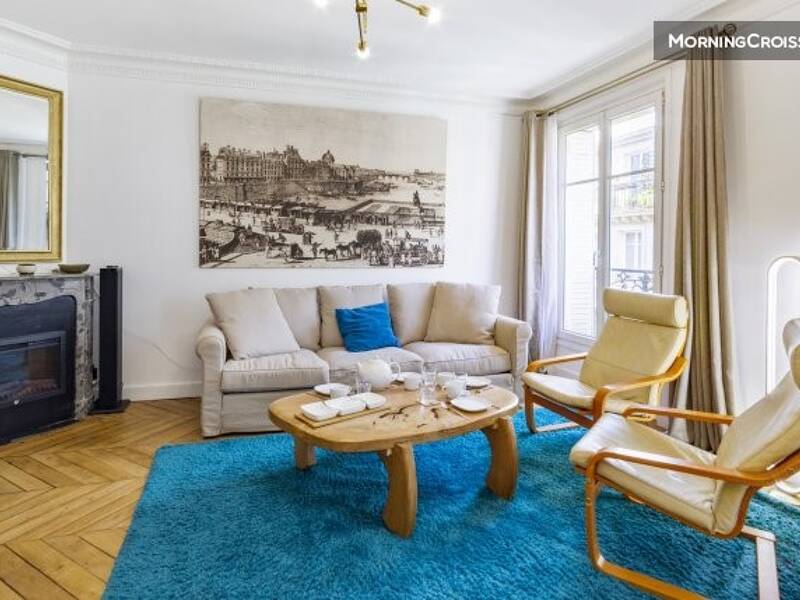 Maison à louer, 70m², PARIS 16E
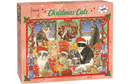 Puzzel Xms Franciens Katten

^^^^

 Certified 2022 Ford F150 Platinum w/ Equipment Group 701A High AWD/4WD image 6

^^^^

Problem: Each line above that falls between the line with "Maison à louer, 70m², PARIS 16E" and the line with "Puzzel Xms Franciens Katten" should be printed exactly, together with those two lines, but the pictures should not.

Expected answer:
 Maison à louer, 70m², PARIS 16E
 Puzzel Xms Franciens Katten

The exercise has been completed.